Acton Real Estate Pty Ltd v Shemiran Pty Ltd

Case

[2011] WASCA 33

1 FEBRUARY 2011


JURISDICTION     :   SUPREME COURT OF WESTERN AUSTRALIA

TITLE OF COURT :   THE COURT OF APPEAL (WA)

CITATION:   ACTON REAL ESTATE PTY LTD -v- SHEMIRAN PTY LTD [2011] WASCA 33

CORAM:   NEWNES JA

MURPHY JA

HEARD:   1 FEBRUARY 2011

DELIVERED          :   1 FEBRUARY 2011

FILE NO/S:   CACV 103 of 2010

BETWEEN:   ACTON REAL ESTATE PTY LTD

First Appellant

ACTON REAL ESTATE PTY LTD AS TRUSTEE FOR THE ACTON CONSOLIDATED UNIT TRUST
Second Appellant

NOCTA NOMINEES PTY LTD
Third Appellant

AND

SHEMIRAN PTY LTD AS TRUSTEE FOR THE WILLIAM PORTEOUS FAMILY TRUST
First Respondent

WILLIAM WALTER PORTEOUS
Second Respondent

ON APPEAL FROM:

Jurisdiction              :  SUPREME COURT OF WESTERN AUSTRALIA

Coram  :MASTER SANDERSON

File No  :CIV 1804 of 2010

Catchwords:

Practice and procedure - Appeal against dismissal of application for summary judgment under O 16 - Whether triable issue as to implied term of good faith - Turns on own facts

Legislation:

Rules of the Supreme Court 1971 (WA), O 16
Supreme Court Act 1935 (WA), s 60(1)(f)

Result:

Leave to appeal refused

Category:    B

Representation:

Counsel:

First Appellant               :     Mr T Lethbridge

Second Appellant          :     Mr T Lethbridge

Third Appellant             :     Mr T Lethbridge

First Respondent           :     Ms K F Banks­Smith

Second Respondent      :     Ms K F Banks­Smith

Solicitors:

First Appellant               :     Kott Gunning

Second Appellant          :     Kott Gunning

Third Appellant             :     Kott Gunning

First Respondent           :     Norton Rose Australia

Second Respondent      :     Norton Rose Australia

Case(s) referred to in judgment(s):

Burger King Corporation v Hungry Jack's Pty Ltd [2001] NSWCA 187; (2001) 69 NSWLR 558

Central Exchange Ltd v Anaconda Nickel Ltd [2002] WASCA 94

Royal Botanic Gardens & Domain Trust v South Sydney City Council [2002] HCA 5; (2002) 240 CLR 45

Service Station Association Ltd v Berg Bennett & Associates Pty Ltd (1993) 45 FCR 84

United Group Rail Services Ltd v Rail Corporation of New South Wales [2009] NSWCA 177; (2009) 74 NSWLR 61

  1. NEWNES JA:  This is an appeal against a decision of Master Sanderson dismissing the appellants' (defendants') application for summary judgment.  The appellants contend that the master erred in finding that the respondents (plaintiffs) had an arguable claim against the appellants.

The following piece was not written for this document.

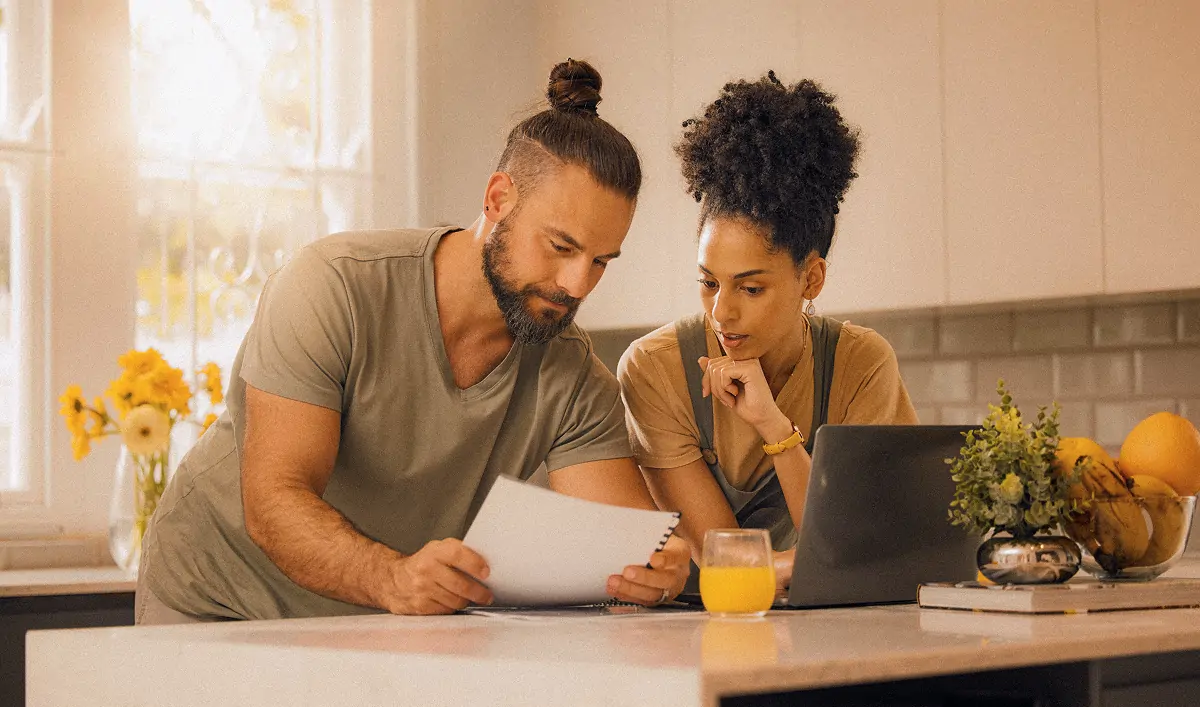 Man and woman reviewing documents together at a kitchen counter with a laptop and a glass of orange juice nearby.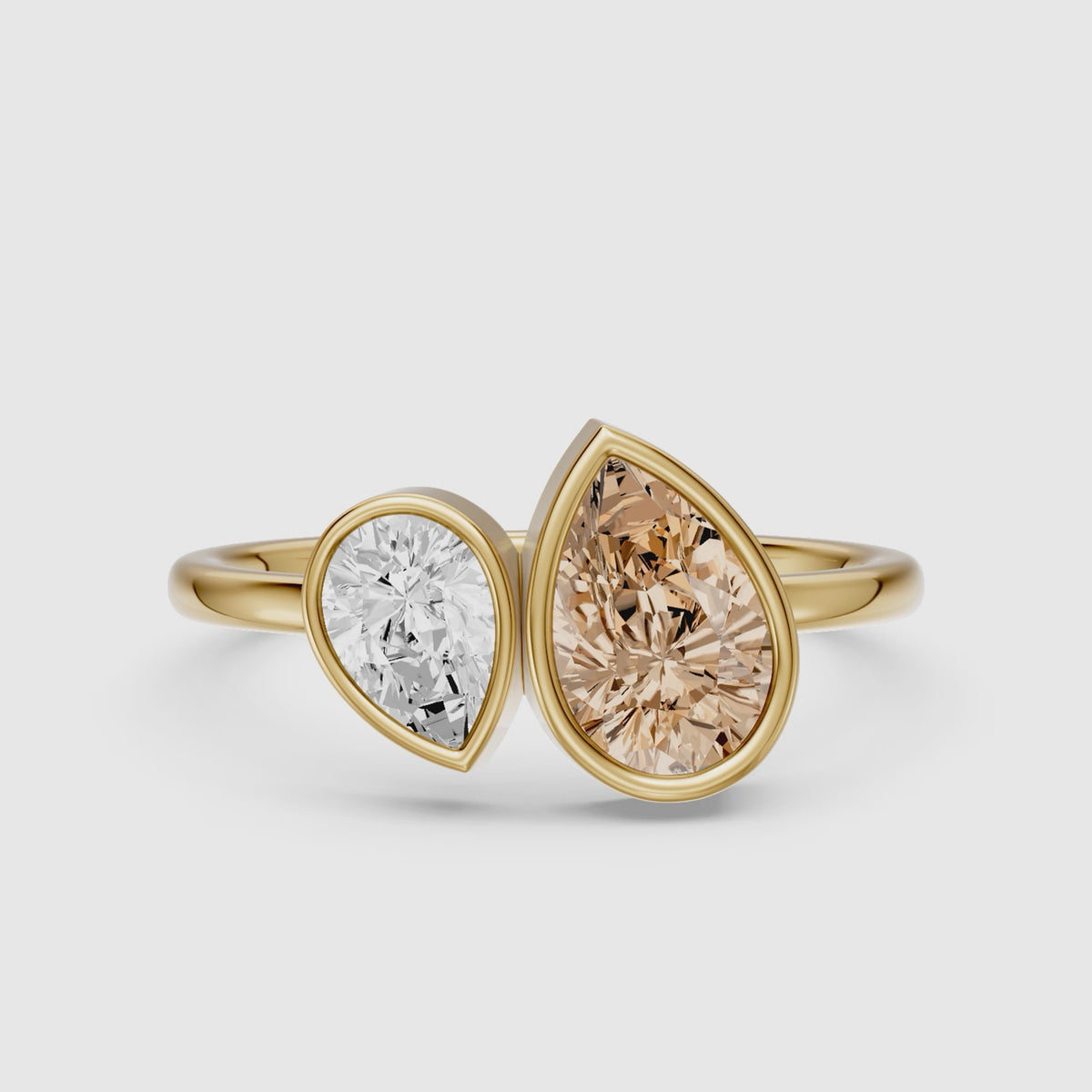 Load video: Ottilie Champagne and White Pear Cut Colored Lab Grown Diamond Toi et Moi Bezel Ring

  2. As the decision of the master was an interlocutory decision, the appellants require leave to appeal:  Supreme Court Act 1935 (WA), s 60(1)(f). On 14 October 2010 it was ordered that the application for leave to appeal be heard with the appeal.

  3. The litigation arises out of a contract entered into on 5 August 2009 between the appellants on one side and the respondents on the other.  The purpose of the contract was to resolve a dispute between the appellants and the respondents as to the terms upon which they would terminate a commercial arrangement they had previously entered into.

  4. Under the terms of the contract, the first respondent, Shemiran Pty Ltd, was to transfer its shares in the first appellant, Acton Real Estate Pty Ltd, and its units in the Acton Consolidated Unit Trust and the second respondent, Mr Porteous, was to transfer his shares in the third appellant, Nocta Nominees Pty Ltd, to such persons as may be nominated by Acton Real Estate for the total sum of $1,250,000.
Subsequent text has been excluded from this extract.